Nikhil Sharma is a young ambitious and talented man. After many years, travels, and experiences in fashion, he decided to build a menswear brand of his own: Lacquer Embassy. The label combines classic influences with modern culture, focusing heavily on attention to detail and a minimalist silhouette. Its first collection is a meticulously edited capsule line of men’s shirts and pocket squares; the designs are hybrids that reflect today’s lifestyles without being rooted in any particular time or era. Lead by its founder, we took a glimpse at this novice embassy of men's style.
Where are you from?
I am from India. While growing up, I lived in several cities all around the country so it is difficult for me to say which city I am from exactly. Then I went on to do my Masters in the UK. I lived and worked there for about six years in all, as a student and after that as a senior menswear designer in London for British high street brands such as Chilli Pepper and NEXT. I now have my studio based in New Delhi, where my products are made.
Do you feel that what you found in your travels is as important to you as your origins learnings?
Yes definitely. Having lived in so many cities has taught me so much. It made me evolve and gave me a sort of specific sense of aesthetics. During my traveling years, I have been like a sponge, I absorbed everything I saw in each city and during each travel. I filled my eyes and imagination with different cultures, peoples, vibes… and translated it into my work.
I think that everything is so homogenous nowadays, in terms of films, pop culture, social media,etc. that the boundaries are diminishing. Maybe that’s what my brand denotes, in a way. The label aims to encompass the fusion of the relaxed elegance of youth and luxury with a definite sense of modern aesthetics. My target audience is not limited to places and geographical locations. Lacquer Embassy has already been worn by people from Australia, Singapore, London, New-York, Canada… so it could be a brand for anyone who appreciates good design, aesthetics and strives for a better quality of life. The brand embodies the sartorial style of the modern jet setting gentleman.
Why did you decide to study fashion?
I initially wanted to study architecture.

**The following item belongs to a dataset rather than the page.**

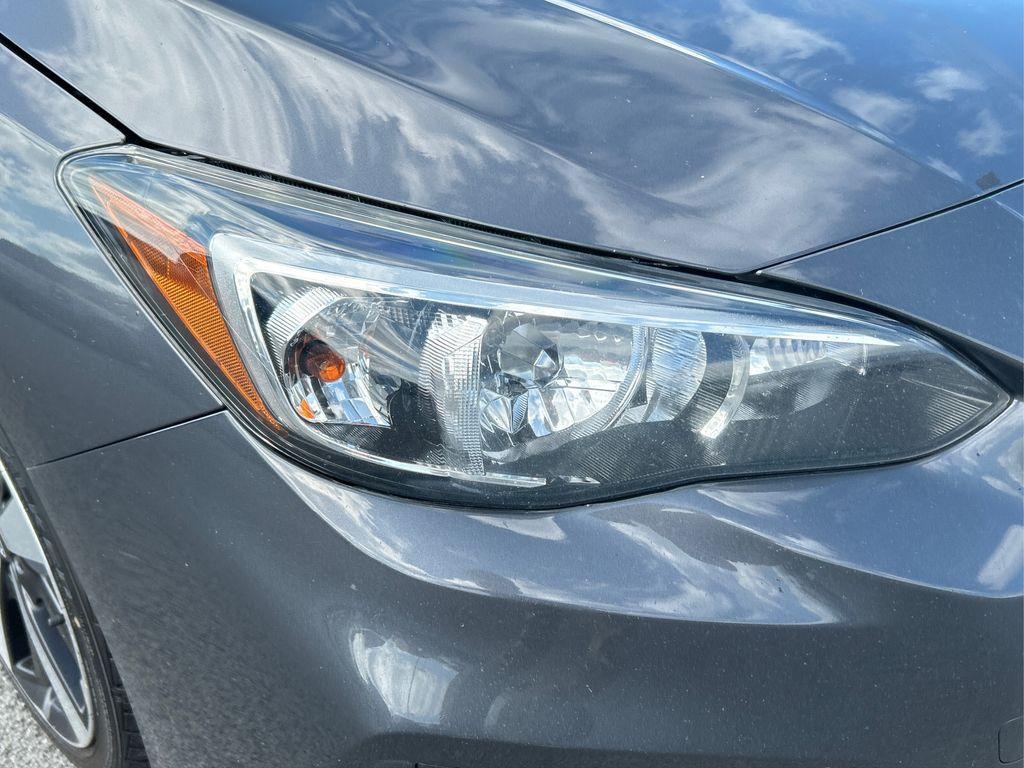 used 2019 Subaru Impreza car, priced at $13,797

Having also applied to a fashion school, my portfolio was appreciated and I was given an offer to join. I decided to give it a shot even though this wasn’t the original plan. Now I can’t future myself doing anything else!
And why did you choose men's fashion?
I guess since I started I had an inclination towards menswear. I was not interested in women's clothes at all; I think it came with an ease for me to design what I would wear.
What do you think about menswear today?
I think that menswear is very exciting nowadays, as the realm is getting so creative. It has entered a very dynamic phase since the last two years and hopefully Lacquer Embassy can contribute to it in its own small way.
Do you think having worked as a fashion stylist influenced you in a way to go and make your own pieces?
I was working as a stylist alongside being a designer as I not only loved to put looks together for editorials, but also to create the concept, the mood and the setting. Putting creative energies with likeminded photographers and having a vision was so different from sitting on a desk and designing clothes… I really enjoyed it, so I branched out to do some styling work. Gradually the work got appreciated and I managed to create some good menswear visuals with some amazing teams. Though I don’t think styling was the only sole factor for me to go and start my own brand.
So what was the starting point for you to launch your brand? Did you think about it for a long time before doing it, or did everything fall into place very quickly as the idea arose?
An amalgamation of having worked in the corporate as a menswear designer and working freelance as a stylist/trend forecaster made me reach a point where I was ready to set up a small niche brand of my own, with my own products and services. My label Lacquer Embassy was born out of a desire to realize the aesthetics I had cultivated throughout my travels, life experiences, and my own experiments in style. It took a while for everything to come together. Design and good aesthetics played a key role for me in every aspect of my brand and lifestyle. Every little detail from the packaging to the product were equally important in Lacquer Embassy, so it did not happen overnight! I started from scratch with a just a few tools of right attitude, vision and honesty, supported by a design centric approach in every aspect of the brand.
Is there any goal you want to achieve, or any motto or values you particularly want to stick to with Lacquer Embassy?
Not really… I may seem a little weird on that point. I am very organized and planned, but at the same time I am quite intuitive deep down inside, and I take quite a lot of risks. So I will not tell what is going to be in store for the next five years, as long as I am always doing distinctive work and happy to do so.
You seem to be very inspired by patterns, what inspires you to create them?
Yes, since I started studying fashion I have always had a strong graphic sensibility, which obviously shows through in my brand now. There is an emphasis on prints and patterns in my pieces, while still maintaining fairly simple wearable silhouettes. The theme of the modern gentleman was the starting reference for my inspiration about prints and designs. But the word gentleman has been redefined to fit in with our contemporary lifestyles all around the world, so Lacquer Embassy has something to offer to everyone, whether it is a simple gingham tailored shirt or a top hat and dog printed shirt. The various prints add a playful touch to gentleman’s wear.
How do you organize your work for your brand today? Can you describe your working routine (if any)?
I work in a very small studio, so I have to be very organized while multitasking. I am not only designing but also sourcing, handling logistics, accounts, social media, PR, handling couriers… so my days never look the same! But I try to have some clear creative time each day, which usually starts towards the latter part of the day. Dealing with so many issues all at once can get a bit difficult sometimes, but all this is such an amazing experience though.